The eyewall (what's left of it) is scraping through Baton Rouge now. At 1245 CDT, a wind gust of 61 kt (70 mph, 113 km/h) out of 050º was reported at Ryan Field (KBTR). Pressure down to 987.3 mb (29.16") at 1253 CDT, dropping fast (nearly 4 mb/hr).

Among the official stations at New Orleans, one of the highest readings occurred at the New Canal station (NWCL1): 51 kt gusting 68 at 0818 CDT. That's 60 gusting 78 in mph. Alvin Callender NAS recently reported a gust to 60 kt (69 mph, 111 km/h) out of 120º at 1132 CDT. Gusts were a bit higher at this station earlier in the day.


The 1353 CDT report from Baton Rouge shows ENE winds 41 kt gusting 64 (47 mph gusting 74), with 0.58" rain in the past hour, and the barometer down 5.0 mb over the last hour to 982.3 mb (29.01"). The center of Gustav is very close to this site.

Now, 1412 CDT, 79 kt (91 mph) gust out of 060º at Baton Rouge.



This is cool (and to my very untrained eye they don't look that different):

Comparing Gus and Katrina. (from Jeff Master's blog, click to go there)

Okay, yes they do look that different. The colors didn't come through the first time :)

And -- Hello, Ike.

This thread is awfully quiet, is it the whole "dodged a bullet" thing?

Maybe just waiting for damage reports from the LOOP and Port Fourchon. Companies will mainly wait until tomorrow to inspect, right? Today's conditions still seem likely to be too gnarly.

You're probably right.

I saw a comment over at the Wunderblog this morning (around 9 or 10 AM) about "might as well move on to Hannah" or something like that. Once the storm hit land, the storm trackers started losing interest :)

Oil market has opined that Gustav missed.

``The reason that the energy markets are so soft today is because where the hurricane came ashore basically misses everything,'' said Michael Rose, trading director at Angus Jackson Inc. in Fort Lauderdale, Florida. ``There are a couple of rigs out there, but not many.
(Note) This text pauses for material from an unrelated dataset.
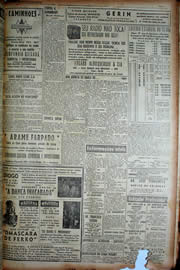 Página do jornal Unitário de junho de 1949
The market is just basically resuming its trend, which was lower.''

A Predator drone was deployed this afternoon, before human flights were allowed, to survey the situation.


How often do you have human flights in NO?

Flights of Fancy are extraordinarily common :-)


I think it's more that it's a holiday (Labor Day, for non-USans). And a beautiful day in much of the country. People are out with their families, celebrating the last holiday of summer.

Ben, thanks for posting the graphs. They are quite informative. Katrina was definitely a stronger storm at the time of landfall than Gustav. However, I suspect that Gustav was a very close call for New Orleans.

If the storm center had ended up closer to New Orleans, say in a similar position to either Baton Rouge or Lafayette, in other words about 20-40 miles east of the actual track, the outcome could have been quite a bit more catastrophic.

I say this primarily because atmospheric surface pressure would have be significantly lower, especially if the center went over New Orleans. Low pressure reached 968.5 mb (28.60") at Lafayette, and 982.1 mb (29.00") at Baton Rouge. The low at the New Orleans NAS was 989.5 mb (29.22"). Likely, lower pressure would have translated an even higher surge at New Orleans.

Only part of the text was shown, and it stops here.